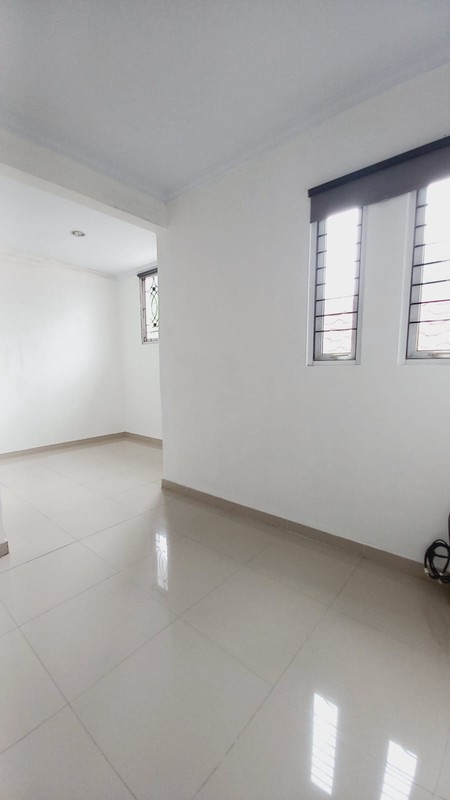 Rumah Strategis di Regency Melati Mas BSD - Lokasi Favorit & Siap Huni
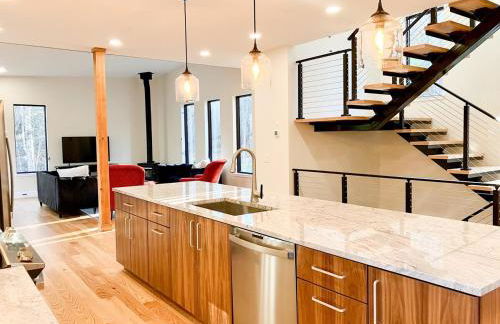 Luxury Modern Cabin near Skiing - Foto 13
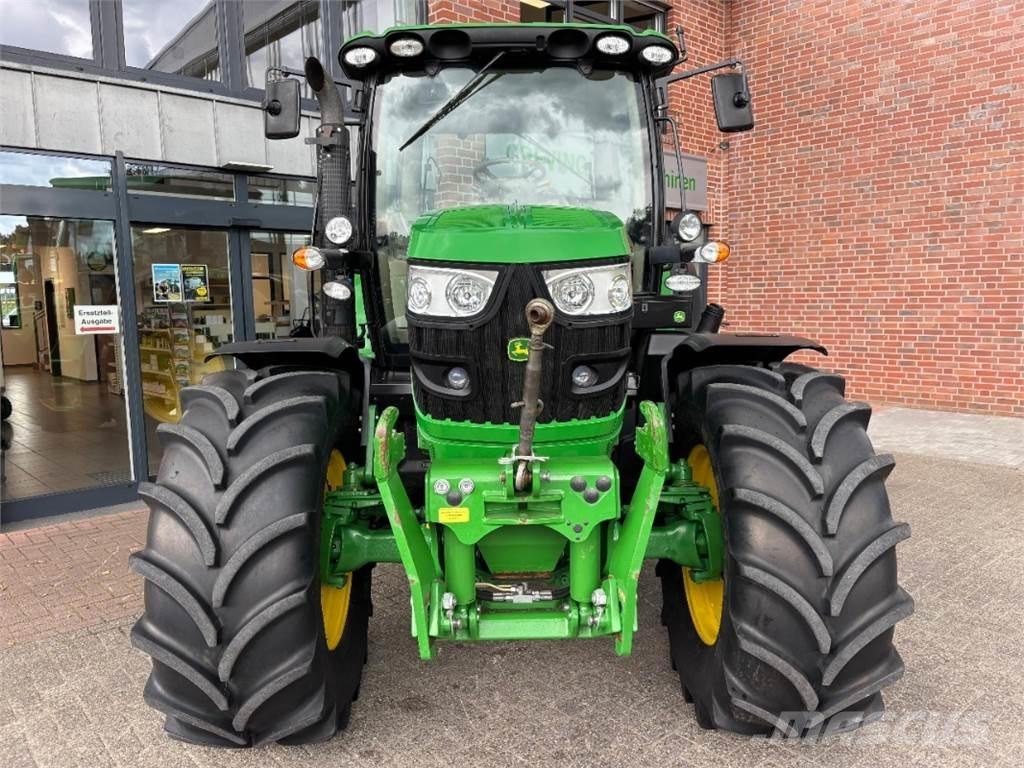 John Deere 6125R Tractoare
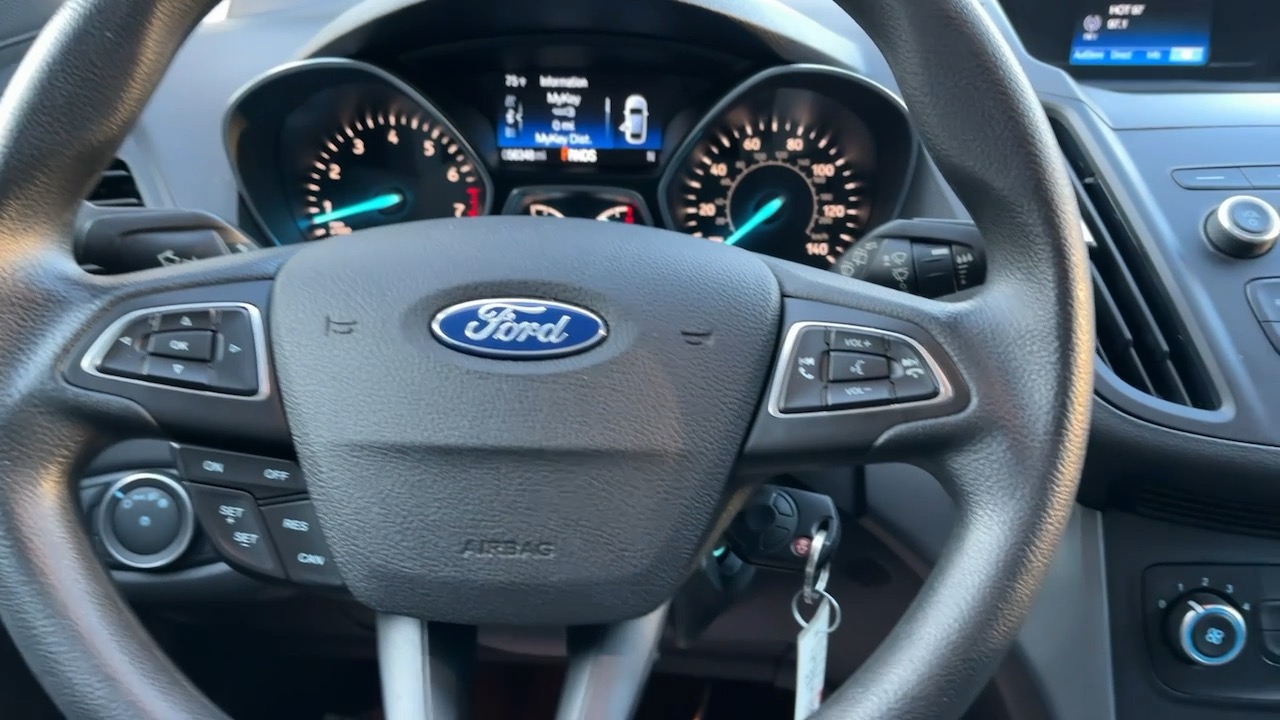 2019 Ford Escape S 31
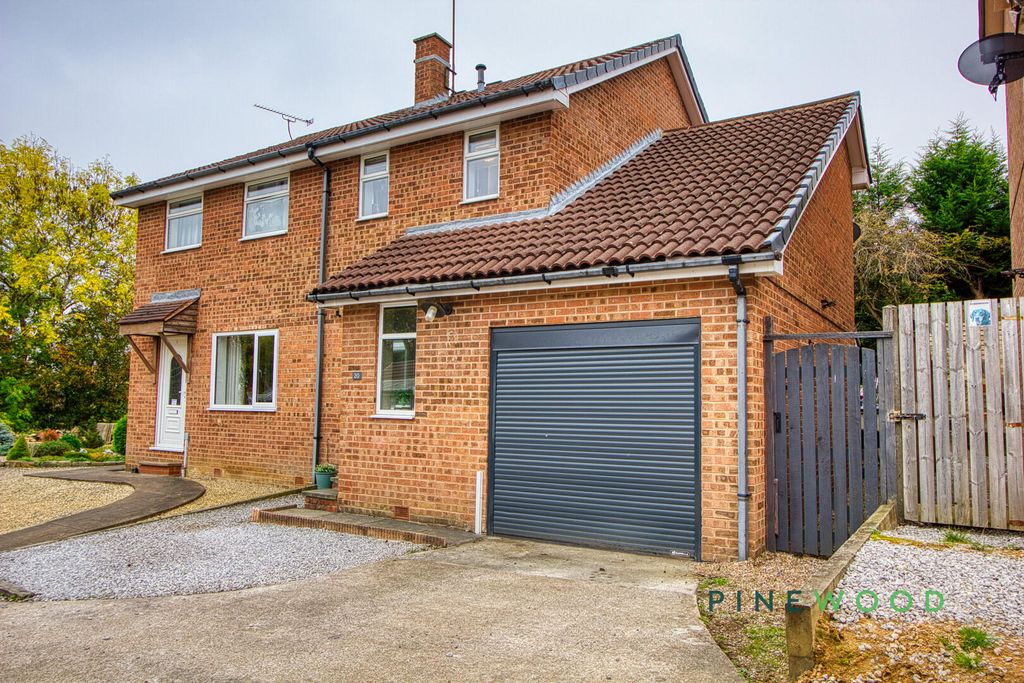 Property photo 1 of 31 Front (Exterior)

• • • • • • •

EXERCISE BRIEF: Your copy must begin at the line containing "Luxury Modern Cabin near Skiing - Foto 13" and end at the last line of the material above. Reproduce each line exactly, but not the pictures.

SOLUTION:
 Luxury Modern Cabin near Skiing - Foto 13
 John Deere 6125R Tractoare
 2019 Ford Escape S 31
 Property photo 1 of 31 Front (Exterior)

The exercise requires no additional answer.